First you define the basic structure of a plot you want.
Next, you can add options to create new layers on the graph.
They used to say “imagine it’s a projector with transparency sheets” but … that reference is getting old!
Mostly, I just think this plus this plus that

# most important library load 
library(ggplot2)

How `ggplot2` works

Notably, ggplot2 generally wants data in long format
- Wide: one row per “participant”
- Long: one column per variable
Data restructuring isn’t that much fun
See code below on how I did this, but beyond the scope today

# library to pivot
library(tidyr)

# cleaning up the data into long format
# cleaning up columns to graph 
DF_long <- DF %>% 
  select(Farm, Variety, Trap, Latitude:`8/14/2022`) %>% 
  mutate(across(`6/17/2022`:`8/14/2022`, as.character)) %>% 
  pivot_longer(cols = -c(Farm, Variety, Trap, Latitude, Longitude), 
               names_to = "Date", 
               values_to = "Count") %>% 
  mutate(Count = as.numeric(Count)) %>% 
  filter(!is.na(Count)) %>% 
  mutate(Month = substr(Date, 1, 1)) %>% 
  mutate(Month = factor(Month, 
                        levels = c(6,7,8),
                        labels = c("June", "July", "August"))) %>% 
  mutate(Date = as.Date(Date, format = "%m/%d/%Y"))

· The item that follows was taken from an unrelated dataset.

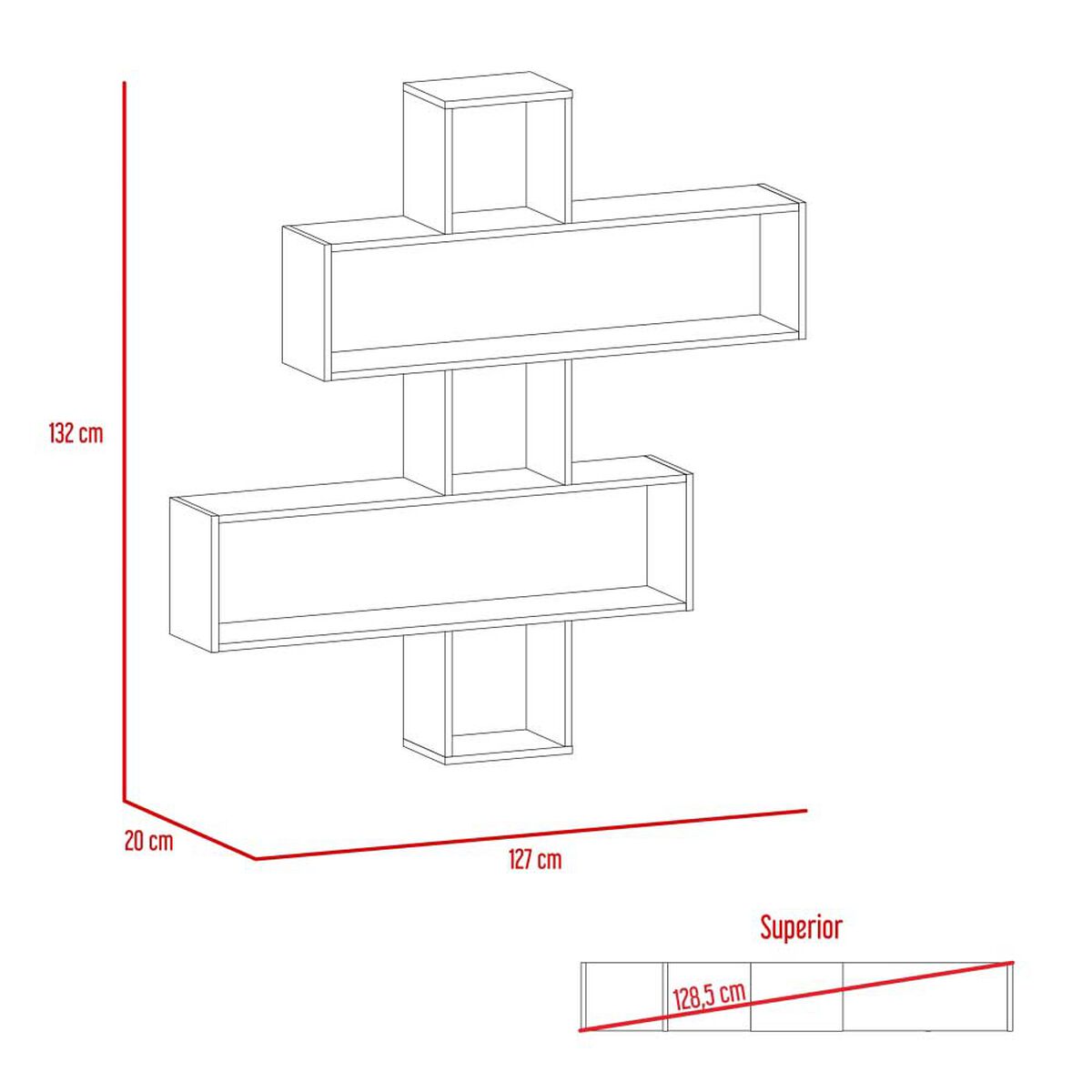 Combo Escritorio + Repisa Wall TuHome Bilbao Miel Plomo
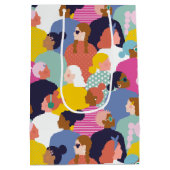 Diversity von Frauen - Frauen unterschiedlicher et Mittlere Geschenktüte (Rückseite)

## Warning: There was 1 warning in `mutate()`.
## ℹ In argument: `Count = as.numeric(Count)`.
## Caused by warning:
## ! NAs introduced by coercion

# what's in the data 
flextable(head(DF_long))

Farm	Variety	Trap	Latitude	Longitude	Date	Count	Month
AG	GN	1	41.96022	103.6856	2022-06-20	0	June
AG	GN	1	41.96022	103.6856	2022-06-22	0	June
AG	GN	1	41.96022	103.6856	2022-06-24	0	June
AG	GN	1	41.96022	103.6856	2022-06-28	0	June
AG	GN	1	41.96022	103.6856	2022-06-30	2	June
AG	GN	1	41.96022	103.6856	2022-07-05	1	July

Bar Graphs

Are there average differences in trap by farm?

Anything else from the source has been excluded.